Sensitivity analysis reveals a unique contribution for all damage mechanisms, but simulated tissue is most sensitive to oxygen.
(A) We partitioned parameter values according to which damage mechanism they affected. Panel (B) shows a global sensitivity analysis comparing the effects of the three mechanisms of damage on tissue health outcomes. Each mechanisms is simulated at two levels: with maximal or negligible effects. In panels C-E, sensitivity analysis was performed on parameters within each mechanistic module. All sensitivity analyses are shown with model snapshots at time t = 400 h (approximately 2.5 weeks). Default parameters are marked with asterisks. (C) Tissue sensitivity to oxygen parameters. The parameter governing oxygen production varies in each row. Each column represents a value of the parameter controlling how sensitive the tissue is to local oxygen concentrations. When oxygen production is plentiful, the simulated tissue becomes insensitive to other oxygen parameters (bottom row). Panel (D) illustrates tissue sensitivity to pressure intensity and period. Pressure intensity varies in each row. Each column represents a value of pressure cycle length. As the cycle length increases, the number of reperfusion events decreases for the same period of ischemia. Increased pressure leads to more damage, while fewer reperfusion events lead to lower damage at t = 400 h. Panel (E) illustrates tissue sensitivity to inflammatory mediators. Each column represents a value of the parameter controlling how sensitive the tissue is to local TNF-α concentrations. The parameter controlling tissue sensitivity to TGF-β1 varies in each row. Increasing sensitivity to TNF-α leads to earlier ulceration and more damage, while increased sensitivity to TGF-β1 leads to decreased tissue damage.
Fig 6.
In silico clinical trials suggest little efficacy for corticosteroids or DAMP inhibitors.

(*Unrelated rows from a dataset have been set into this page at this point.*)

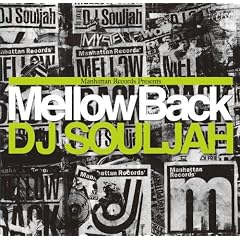 Mellow Back 2011 MIXED by DJ Souljah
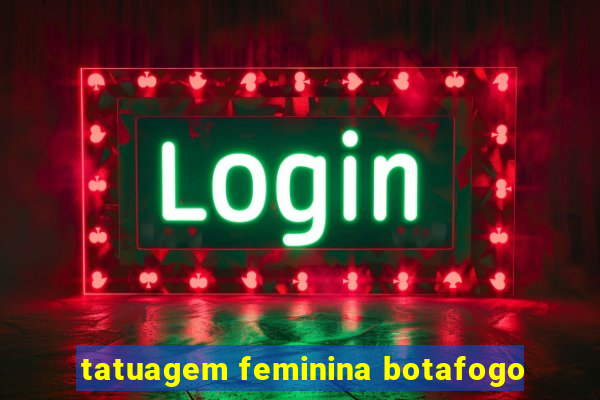 tatuagem feminina botafogo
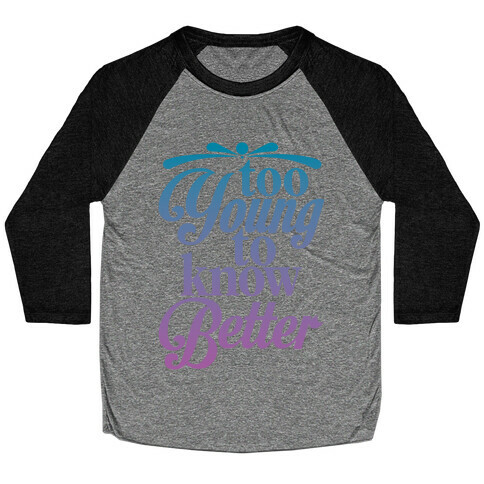 Too Young To Know Better Baseball Tee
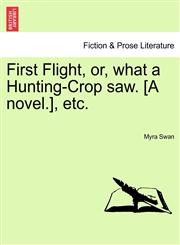 First Flight, or, what a Hunting-Crop saw. [A novel.], etc.,1241213127,9781241213121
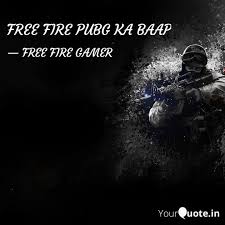 Tu jaane naa. pubg ka baap was live. Free Fire Pubg Ka Baap Quotes Writings By Hunny Mehra Yourquote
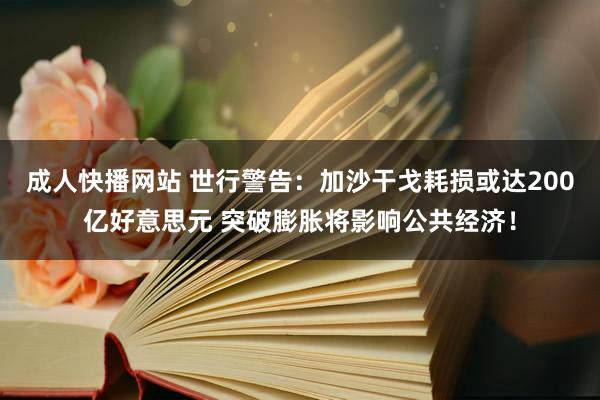 成人快播网站 世行警告：加沙干戈耗损或达200亿好意思元 突破膨胀将影响公共经济！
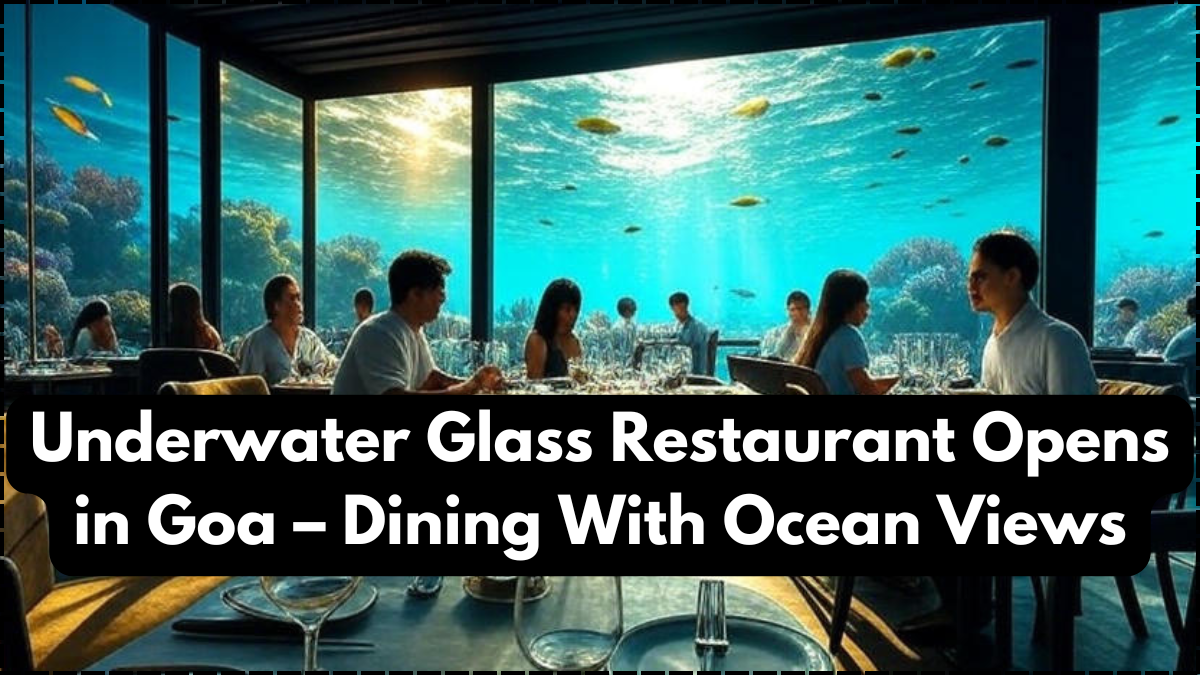 Underwater Glass Restaurant Opens in Goa – Dining With Ocean Views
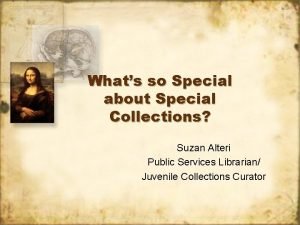 Whats so Special about Special Collections Suzan Alteri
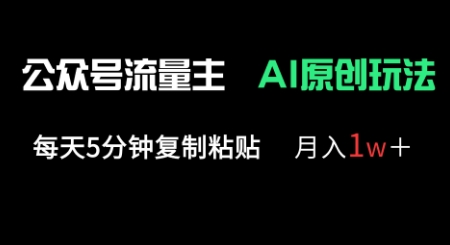 公众号流量主多赛道原创玩法，每天5分钟复制粘贴，月入1w+-轻创终点站
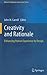 Creativity and Rationale: Enhancing Human Experience by Design (Human–Computer Interaction Series)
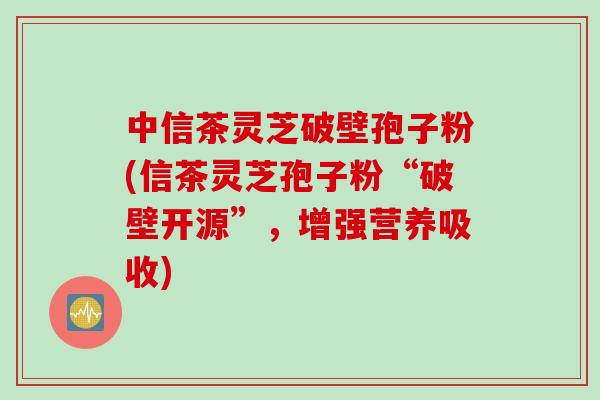 中信茶灵芝破壁孢子粉(信茶灵芝孢子粉“破壁开源”，增强营养吸收)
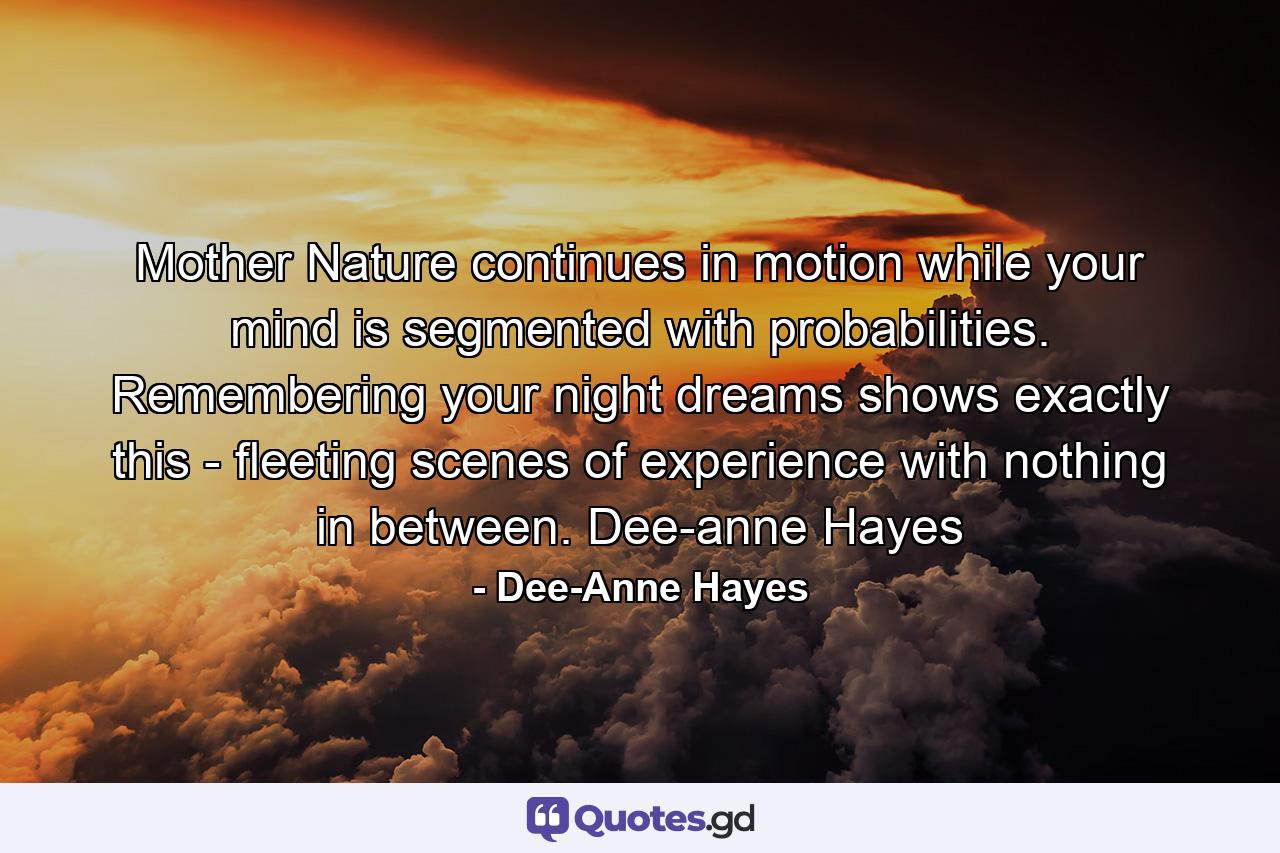 Mother Nature continues in motion while your mind is segmented with probabilities. Remembering your night dreams shows exactly this - fleeting scenes of experience with nothing in between. Dee-anne Hayes - Quote by Dee-Anne Hayes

Simulations are shown at t = 700 h. We varied both the dose and timing of corticosteroid administration, simulated as an injection into the bloodstream, under (A) alternating pressure and (B) 40% initial injury conditions. When inflammatory cells were neutralized early enough but pressure continued, overall damage decreased, but ulceration was not prevented. Without continuous pressure cycles, the earliest dose of steroids was successful in stemming ulcer formation, but later applications did not. We then varied both the dose and timing of administration of a neutralizing antibody to HMGB1, simulated as a topical cream applied to the entire field. This targeted approach had (C) no apparent effect during simulations with alternating pressure, but (D) was able to slow ulcer formation after a 40% initial injury without pressure.